Infine, ci sono i privati.

Entrano nella partita – ed è la vera novità – alcuni imprenditori che vogliono continuare a “stupire”, dopo aver trasformato l’economia mondiale.

E ciascuno di loro ha un’ipotesi di business che può ripagare l’impresa: punta al turismo spaziale Jeff Bezos che si è fatto lanciare - lo stesso 20 luglio che è l’anniversario del “piccolo passo” di Armstrong - nello Spazio da un razzo della sua Blue Origin; Richard Branson sembra, invece, pensare a trasformare la propria Virgin in una linea aereo spaziale in grado di coprire in tre ore la tratta Milano – Sydney; mentre SpaceX del fondatore di Tesla, Elon Musk, vuole costruire una rete Internet satellitare globale.

Stiamo, dunque, tornando allo Spazio e la Nasa con il progetto Artemis, l’obiettivo – fissato dalla precedente presidenza – di tornare tra i crateri della Luna entro i prossimi tre anni.

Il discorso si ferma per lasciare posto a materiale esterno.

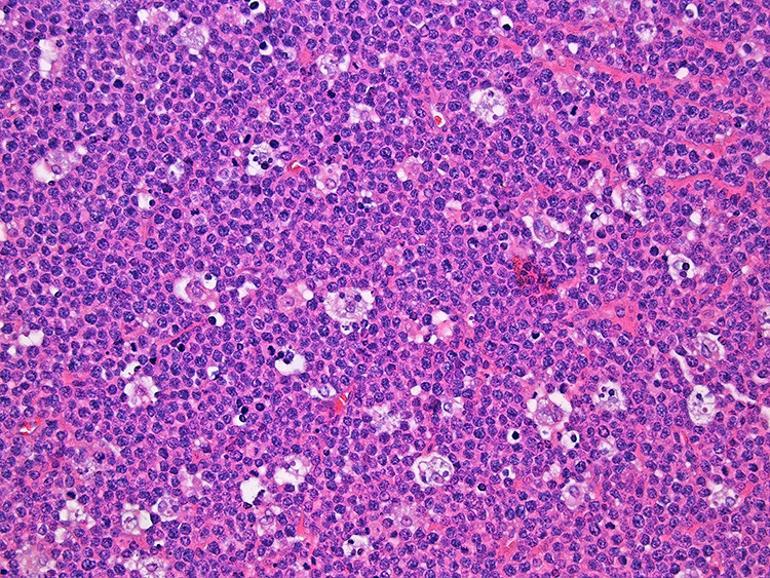 Yumrular, şişlikler, açıklanamayan kanamalar ve morluklar... Fark etmek çok kolay, ihmali ölümcül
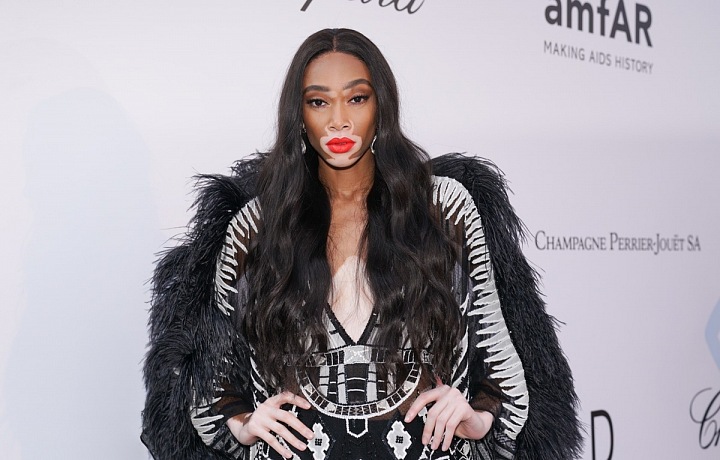 Winnie Harlow 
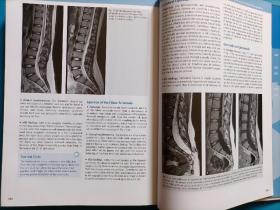 MR Neuroimaging
   Brain,Spine,Peripheral Nerves
  （脑、脊柱、外周神经的MR神经成像）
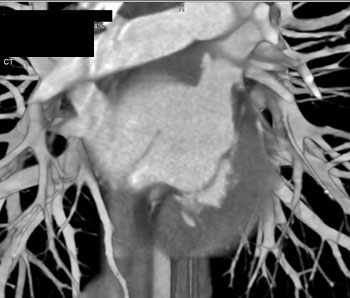 cardiac 64 mdct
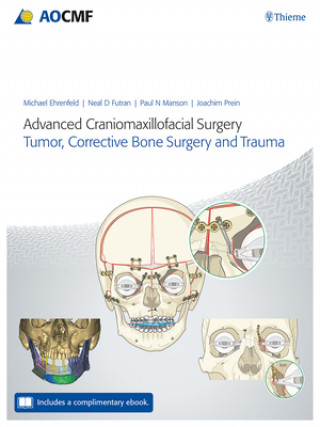 Книга Advanced Craniomaxillofacial Surgery Paul Manson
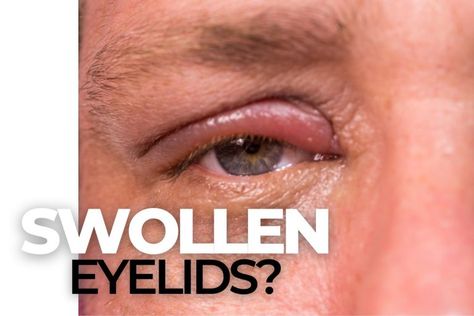 ￼Blepharitis: The Most Common Cause of Dry Eye - EZOnTheEyes Conjuctivita Eye, Dry Eyelids Remedy, Swollen Eyes From Allergies, Eye Infection Remedies, Sty In Eye Remedies, Stye Remedies Fast, Swollen Eyelids Remedy, Swollen Eye Remedies, Stye Remedies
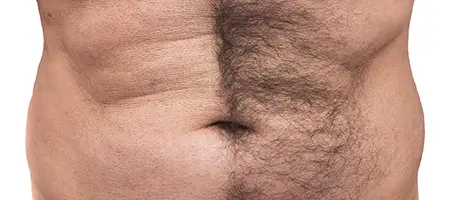 Male torso showing chest hair as a potential donor area for body hair transplant – informational only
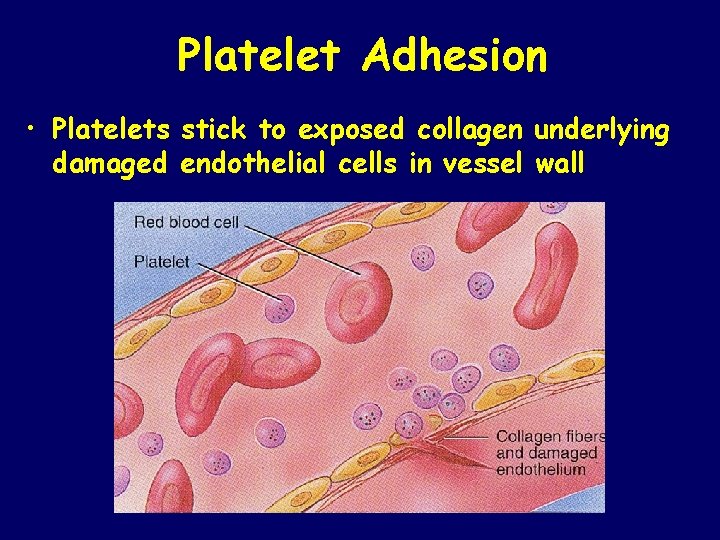 Platelet Adhesion • Platelets stick to exposed collagen underlying damaged endothelial cells in vessel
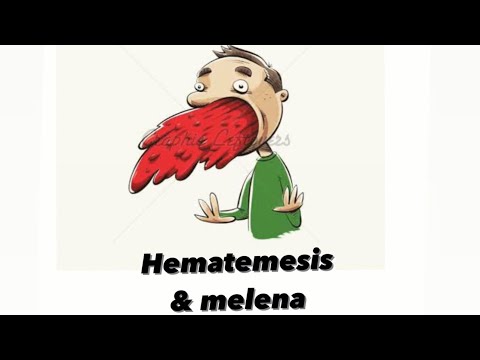 Clinical round 5- hematemesis and melena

L’idea è quella di lavorare - insieme agli stessi privati che si contendono appalti di grande dimensione - ad una base sul satellite (proprio come in una serie televisiva del 1973 che ne immaginava la realizzazione entro il 1999) e di estrarre dal ghiaccio rimasto intrappolato nel suolo, l’acqua, l’idrogeno e l’ossigeno necessario ai coloni. 
C’è però un problema grosso da risolvere e non è di tipo tecnologico.

A chi appartiene la Luna? Avevano ragione gli astronauti – cowboy degli anni sessanta ad immaginare di poter dare un nome alle montagne che osservavano accanto alla bandiera? Se davvero – come vogliono antichi trattati – nessun Paese può reclamare diritti su altri pianeti, chi è responsabile della trasformazione che l’uomo, prima o poi, proverà a realizzare anche in altri mondi per renderli ospitali? E, soprattutto, come evitiamo che lo Spazio diventi il far west dal quale gli eserciti siano in grado di alterare equilibri di una pace che è affidata alla terrificante promessa della distruzione reciproca?

Si riproporrà nello Spazio, il problema che rischia di rendere insostenibile il progresso ulteriore della specie umana sul pianeta Terra. Ma, di certo, l’uomo non ha alternativa. Del resto come intuirono gli scienziati che coltivarono il sogno della Luna, siamo programmati per superare il nostro limite.